▶
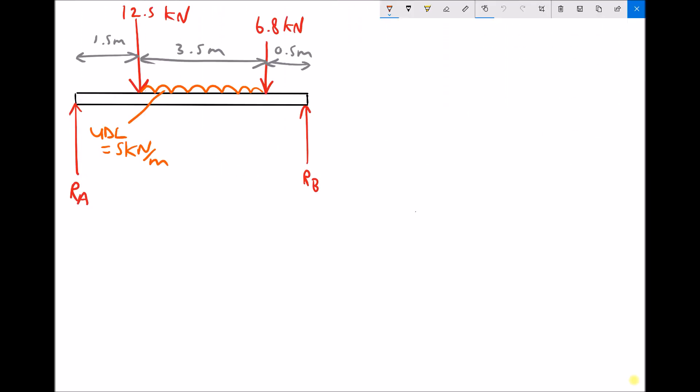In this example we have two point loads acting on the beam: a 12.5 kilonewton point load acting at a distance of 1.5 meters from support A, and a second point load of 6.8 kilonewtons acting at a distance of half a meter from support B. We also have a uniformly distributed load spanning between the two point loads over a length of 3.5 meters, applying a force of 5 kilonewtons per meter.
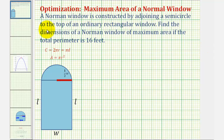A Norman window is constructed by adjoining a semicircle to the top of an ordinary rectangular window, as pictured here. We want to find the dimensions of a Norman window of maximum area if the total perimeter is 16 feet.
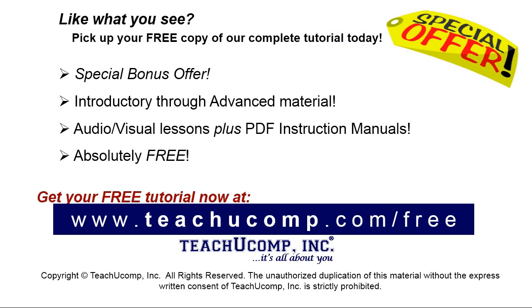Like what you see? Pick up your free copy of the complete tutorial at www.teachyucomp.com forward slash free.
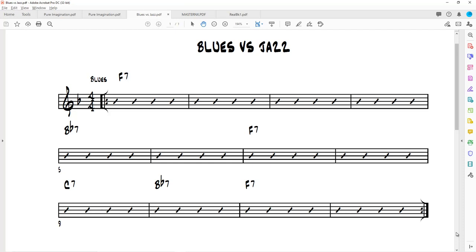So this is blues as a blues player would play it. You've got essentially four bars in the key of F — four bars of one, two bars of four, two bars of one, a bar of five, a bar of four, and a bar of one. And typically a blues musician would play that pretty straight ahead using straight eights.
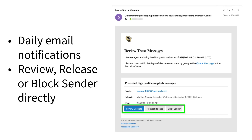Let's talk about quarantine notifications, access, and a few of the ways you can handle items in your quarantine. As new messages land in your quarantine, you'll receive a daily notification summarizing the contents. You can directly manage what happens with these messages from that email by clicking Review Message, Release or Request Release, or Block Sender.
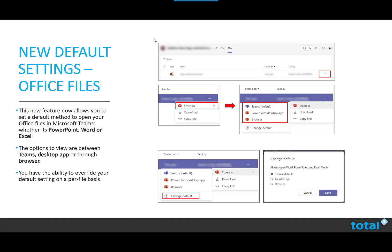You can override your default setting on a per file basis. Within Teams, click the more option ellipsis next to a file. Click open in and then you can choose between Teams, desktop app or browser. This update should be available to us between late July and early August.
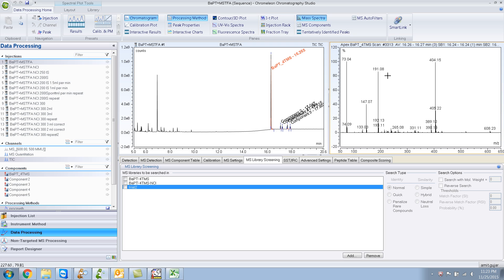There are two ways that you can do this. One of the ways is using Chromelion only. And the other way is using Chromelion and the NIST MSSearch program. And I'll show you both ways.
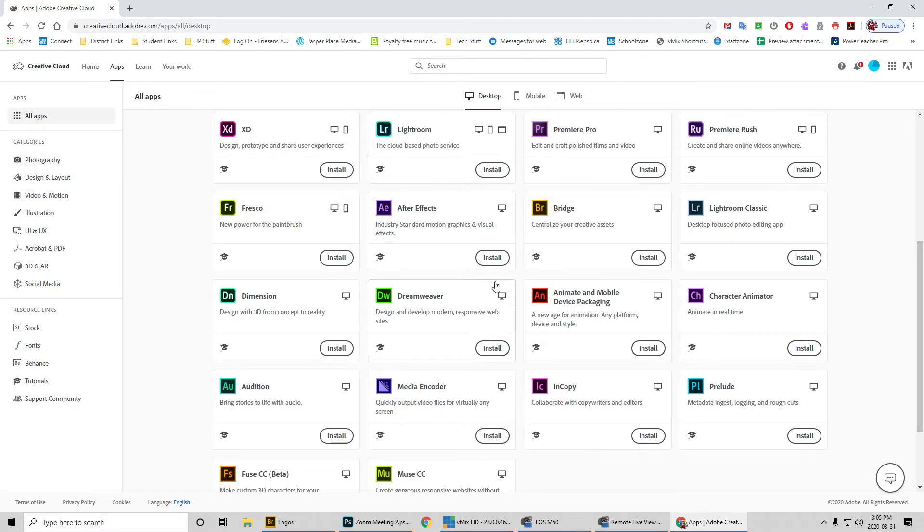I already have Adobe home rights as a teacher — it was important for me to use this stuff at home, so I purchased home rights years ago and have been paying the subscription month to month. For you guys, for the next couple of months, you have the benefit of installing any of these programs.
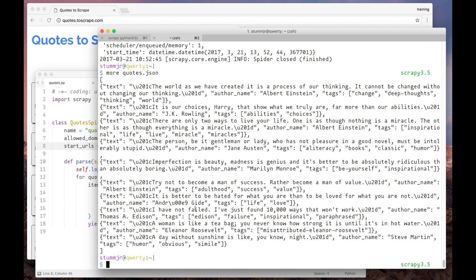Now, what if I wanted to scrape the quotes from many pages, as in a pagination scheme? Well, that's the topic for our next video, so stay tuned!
◀
◆ **REQUIRED WORK**
Write out all the material above exactly, with no image carried over.

◆ **SOLVED EXERCISE**
In this example we have two point loads acting on the beam: a 12.5 kilonewton point load acting at a distance of 1.5 meters from support A, and a second point load of 6.8 kilonewtons acting at a distance of half a meter from support B. We also have a uniformly distributed load spanning between the two point loads over a length of 3.5 meters, applying a force of 5 kilonewtons per meter.
A Norman window is constructed by adjoining a semicircle to the top of an ordinary rectangular window, as pictured here. We want to find the dimensions of a Norman window of maximum area if the total perimeter is 16 feet.
Like what you see? Pick up your free copy of the complete tutorial at www.teachyucomp.com forward slash free.
So this is blues as a blues player would play it. You've got essentially four bars in the key of F — four bars of one, two bars of four, two bars of one, a bar of five, a bar of four, and a bar of one. And typically a blues musician would play that pretty straight ahead using straight eights.
Let's talk about quarantine notifications, access, and a few of the ways you can handle items in your quarantine. As new messages land in your quarantine, you'll receive a daily notification summarizing the contents. You can directly manage what happens with these messages from that email by clicking Review Message, Release or Request Release, or Block Sender.
You can override your default setting on a per file basis. Within Teams, click the more option ellipsis next to a file. Click open in and then you can choose between Teams, desktop app or browser. This update should be available to us between late July and early August.
There are two ways that you can do this. One of the ways is using Chromelion only. And the other way is using Chromelion and the NIST MSSearch program. And I'll show you both ways.
I already have Adobe home rights as a teacher — it was important for me to use this stuff at home, so I purchased home rights years ago and have been paying the subscription month to month. For you guys, for the next couple of months, you have the benefit of installing any of these programs.
Now, what if I wanted to scrape the quotes from many pages, as in a pagination scheme? Well, that's the topic for our next video, so stay tuned!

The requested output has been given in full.